** Required work **
Please copy out the entries below exactly, beginning with the line that contains "ARRANQUE DE OBRA" and ending with the line that contains "Vorschau Bild von", and include nothing outside that span.

*** Input material Section Begins ***

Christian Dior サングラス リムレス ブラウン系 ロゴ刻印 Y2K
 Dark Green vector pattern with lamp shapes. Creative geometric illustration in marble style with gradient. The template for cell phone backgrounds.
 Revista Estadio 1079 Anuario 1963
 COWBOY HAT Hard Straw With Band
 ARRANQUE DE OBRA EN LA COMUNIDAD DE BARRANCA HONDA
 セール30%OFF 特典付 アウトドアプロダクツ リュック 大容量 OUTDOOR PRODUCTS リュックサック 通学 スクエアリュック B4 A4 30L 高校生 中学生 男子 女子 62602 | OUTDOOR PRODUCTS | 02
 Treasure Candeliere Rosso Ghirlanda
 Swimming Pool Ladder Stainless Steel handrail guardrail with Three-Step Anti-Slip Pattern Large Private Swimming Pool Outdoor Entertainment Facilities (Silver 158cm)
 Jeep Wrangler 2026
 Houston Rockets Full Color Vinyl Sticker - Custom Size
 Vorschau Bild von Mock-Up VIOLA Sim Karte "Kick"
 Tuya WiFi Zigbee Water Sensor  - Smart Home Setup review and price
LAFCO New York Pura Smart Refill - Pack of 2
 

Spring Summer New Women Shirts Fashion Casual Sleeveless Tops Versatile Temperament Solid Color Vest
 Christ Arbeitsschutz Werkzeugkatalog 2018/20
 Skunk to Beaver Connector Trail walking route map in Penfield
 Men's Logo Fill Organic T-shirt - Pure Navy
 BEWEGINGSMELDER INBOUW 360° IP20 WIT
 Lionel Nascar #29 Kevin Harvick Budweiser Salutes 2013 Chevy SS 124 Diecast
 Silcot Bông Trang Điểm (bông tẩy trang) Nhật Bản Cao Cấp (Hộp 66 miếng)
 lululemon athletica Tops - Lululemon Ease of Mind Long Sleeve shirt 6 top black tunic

*** Input material Section Ends ***

** Response box **
 ARRANQUE DE OBRA EN LA COMUNIDAD DE BARRANCA HONDA
 セール30%OFF 特典付 アウトドアプロダクツ リュック 大容量 OUTDOOR PRODUCTS リュックサック 通学 スクエアリュック B4 A4 30L 高校生 中学生 男子 女子 62602 | OUTDOOR PRODUCTS | 02
 Treasure Candeliere Rosso Ghirlanda
 Swimming Pool Ladder Stainless Steel handrail guardrail with Three-Step Anti-Slip Pattern Large Private Swimming Pool Outdoor Entertainment Facilities (Silver 158cm)
 Jeep Wrangler 2026
 Houston Rockets Full Color Vinyl Sticker - Custom Size
 Vorschau Bild von Mock-Up VIOLA Sim Karte "Kick"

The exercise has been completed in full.